On est d’abord frappé par ses Doors, qui s’annoncent comme un compte à rebours infernal : traumatisé par une échelle inidentifiable, on ne peut que se faire happer par cette multitude de détails et de contorsions émanant d’un noir limbique. Cette série est constituée de photographies montrant chacune une babiole agrandie et transmutée en phénomène physique : une bague de seconde main devient un maelstrom ou s’approprie tout à coup la sophistication de l’anneau des Nibelungen. Il ne s’agit pas simplement d’un changement d’échelle mais d’une métamorphose.
La deuxième série concerne Stanley, personnage solitaire évoluant dans des espaces vampirisés : Truc-Anh, paré de sa grenouillère rose, a effectué ces autoportraits dans les paysages désertiques de Norvège ou d’Amérique… On pense au personnage muet et amnésique de Paris-Texas, de Wim Wenders. C’est qu’il faut demeurer isolé, délibérément, pour promouvoir (et incarner) aujourd’hui un héros dont les aventures désuètes ne sont pas dépourvues d’une note existentielle. Le titre souligne la dimension narrative et polyphonique de cette série inaugurée en 2007 qui s’attache à « la représentation de quelques vies et de quelques morts ».
La rime visuelle qui assujettit Stanley à ses multiples réapparitions est la même qui mène à la perte des repères dans la série 88 Doors : leur motif répété fatigue l’œil toujours à la recherche d’un espace où se reposer tel Stanley dans Stanley regarde les WSOP ou Stanley chez les Incas. C’est paradoxalement leur exacte définition, la fidélité de leur rendu, qui révèle de ces pacotilles des aspects inattendus, surréels et déroutants.

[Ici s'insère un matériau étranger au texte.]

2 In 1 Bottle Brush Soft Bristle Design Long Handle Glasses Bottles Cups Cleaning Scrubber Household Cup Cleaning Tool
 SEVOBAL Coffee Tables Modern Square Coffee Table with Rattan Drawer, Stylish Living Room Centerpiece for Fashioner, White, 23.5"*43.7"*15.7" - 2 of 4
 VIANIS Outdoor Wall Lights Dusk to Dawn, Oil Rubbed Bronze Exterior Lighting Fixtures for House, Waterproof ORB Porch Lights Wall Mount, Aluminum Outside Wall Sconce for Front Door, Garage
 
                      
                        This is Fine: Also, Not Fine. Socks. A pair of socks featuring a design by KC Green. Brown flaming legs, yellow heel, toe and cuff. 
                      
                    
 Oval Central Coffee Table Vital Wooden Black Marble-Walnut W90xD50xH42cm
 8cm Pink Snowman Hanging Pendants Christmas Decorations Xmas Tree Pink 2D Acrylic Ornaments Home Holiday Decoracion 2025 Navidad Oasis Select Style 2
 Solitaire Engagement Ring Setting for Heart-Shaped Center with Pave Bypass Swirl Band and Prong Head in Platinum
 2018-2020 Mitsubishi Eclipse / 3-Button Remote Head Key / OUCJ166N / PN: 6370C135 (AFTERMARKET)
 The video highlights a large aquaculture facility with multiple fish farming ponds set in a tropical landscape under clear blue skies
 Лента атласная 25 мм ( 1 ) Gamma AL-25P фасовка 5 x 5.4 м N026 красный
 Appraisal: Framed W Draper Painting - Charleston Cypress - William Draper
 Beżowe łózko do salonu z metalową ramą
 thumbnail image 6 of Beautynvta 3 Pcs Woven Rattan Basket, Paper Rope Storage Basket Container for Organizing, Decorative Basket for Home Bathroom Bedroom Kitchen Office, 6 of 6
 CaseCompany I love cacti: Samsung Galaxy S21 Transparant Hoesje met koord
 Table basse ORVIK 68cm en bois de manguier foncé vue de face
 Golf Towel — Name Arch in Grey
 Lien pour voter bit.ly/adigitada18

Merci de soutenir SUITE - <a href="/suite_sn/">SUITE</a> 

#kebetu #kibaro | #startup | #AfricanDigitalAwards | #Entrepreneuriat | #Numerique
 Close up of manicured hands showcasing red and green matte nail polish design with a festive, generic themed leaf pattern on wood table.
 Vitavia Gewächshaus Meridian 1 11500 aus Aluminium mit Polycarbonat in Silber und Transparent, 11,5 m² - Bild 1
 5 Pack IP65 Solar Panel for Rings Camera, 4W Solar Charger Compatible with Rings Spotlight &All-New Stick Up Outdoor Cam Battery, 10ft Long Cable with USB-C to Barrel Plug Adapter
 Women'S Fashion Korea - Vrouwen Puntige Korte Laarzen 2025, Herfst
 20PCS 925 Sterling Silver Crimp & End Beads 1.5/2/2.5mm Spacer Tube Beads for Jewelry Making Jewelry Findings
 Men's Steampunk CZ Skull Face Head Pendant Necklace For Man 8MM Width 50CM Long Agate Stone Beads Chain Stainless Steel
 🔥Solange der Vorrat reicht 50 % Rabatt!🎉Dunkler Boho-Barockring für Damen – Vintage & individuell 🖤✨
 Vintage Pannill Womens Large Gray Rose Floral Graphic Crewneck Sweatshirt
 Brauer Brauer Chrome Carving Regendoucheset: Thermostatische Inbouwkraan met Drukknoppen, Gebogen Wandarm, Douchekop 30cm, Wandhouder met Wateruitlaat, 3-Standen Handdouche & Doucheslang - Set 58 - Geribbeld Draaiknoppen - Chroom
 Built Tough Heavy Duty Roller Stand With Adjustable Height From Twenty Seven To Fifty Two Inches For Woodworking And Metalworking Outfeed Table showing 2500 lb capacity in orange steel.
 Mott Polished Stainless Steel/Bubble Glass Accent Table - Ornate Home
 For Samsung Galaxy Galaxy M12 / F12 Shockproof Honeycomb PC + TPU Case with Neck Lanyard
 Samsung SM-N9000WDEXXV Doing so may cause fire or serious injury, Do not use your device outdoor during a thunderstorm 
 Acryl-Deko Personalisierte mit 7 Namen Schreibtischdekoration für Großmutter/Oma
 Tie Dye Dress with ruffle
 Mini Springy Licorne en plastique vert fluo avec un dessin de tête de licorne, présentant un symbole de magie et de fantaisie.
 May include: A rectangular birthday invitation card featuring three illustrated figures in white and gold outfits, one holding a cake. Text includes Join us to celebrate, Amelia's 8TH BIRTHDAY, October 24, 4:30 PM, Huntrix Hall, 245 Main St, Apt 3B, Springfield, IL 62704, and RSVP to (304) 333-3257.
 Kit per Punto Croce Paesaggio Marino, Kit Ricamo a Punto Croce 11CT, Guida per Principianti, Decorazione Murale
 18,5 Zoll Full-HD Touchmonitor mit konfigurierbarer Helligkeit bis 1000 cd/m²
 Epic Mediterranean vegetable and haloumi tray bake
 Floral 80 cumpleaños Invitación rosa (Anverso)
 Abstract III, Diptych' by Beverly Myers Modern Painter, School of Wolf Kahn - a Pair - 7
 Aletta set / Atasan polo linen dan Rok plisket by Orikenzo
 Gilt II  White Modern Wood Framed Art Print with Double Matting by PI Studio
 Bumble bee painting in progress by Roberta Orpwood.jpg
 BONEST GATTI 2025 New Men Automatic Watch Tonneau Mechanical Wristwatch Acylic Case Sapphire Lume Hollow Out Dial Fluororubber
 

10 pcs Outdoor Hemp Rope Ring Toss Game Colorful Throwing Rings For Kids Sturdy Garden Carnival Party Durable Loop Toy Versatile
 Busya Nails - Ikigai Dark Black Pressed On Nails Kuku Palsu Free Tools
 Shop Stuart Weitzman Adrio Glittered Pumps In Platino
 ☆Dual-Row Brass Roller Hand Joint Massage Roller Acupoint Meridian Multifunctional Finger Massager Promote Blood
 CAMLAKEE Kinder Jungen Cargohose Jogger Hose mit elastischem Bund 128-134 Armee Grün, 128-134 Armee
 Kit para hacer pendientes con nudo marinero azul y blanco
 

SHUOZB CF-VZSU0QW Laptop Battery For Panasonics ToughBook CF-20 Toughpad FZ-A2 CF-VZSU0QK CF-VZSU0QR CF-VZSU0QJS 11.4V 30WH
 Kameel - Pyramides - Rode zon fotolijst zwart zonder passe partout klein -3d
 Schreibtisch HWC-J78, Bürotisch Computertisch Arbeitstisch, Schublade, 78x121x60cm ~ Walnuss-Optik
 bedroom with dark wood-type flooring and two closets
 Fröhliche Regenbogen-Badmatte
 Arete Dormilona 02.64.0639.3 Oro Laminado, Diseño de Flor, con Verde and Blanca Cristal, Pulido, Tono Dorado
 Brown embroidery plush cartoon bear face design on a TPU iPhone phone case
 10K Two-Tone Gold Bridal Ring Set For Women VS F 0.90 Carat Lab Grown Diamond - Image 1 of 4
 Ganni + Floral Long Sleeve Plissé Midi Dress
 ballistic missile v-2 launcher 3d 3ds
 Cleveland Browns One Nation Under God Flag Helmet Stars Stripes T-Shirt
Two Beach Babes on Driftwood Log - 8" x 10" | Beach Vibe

Présentées ensemble, ces deux séries se réfléchissent et sont appuyées de sculptures qui semblent poser comme l’antidote d’un trop-plein d’ésotérisme et nuancer le spectaculaire envoûtement des Doors : Truc-Anh, magicien peu soucieux de révéler ses habiletés nous dévoile ses effets d’optique dans du handmade. Le pliage intitulé I was loved ramène concrètement aux surplis des Doors et à l’impression d’expansion qu’ils procurent.
Après les surfeurs et les plieurs de papier, Truc-Anh se montre un allié tardif de Gilles Deleuze, fasciné lui aussi par le pli.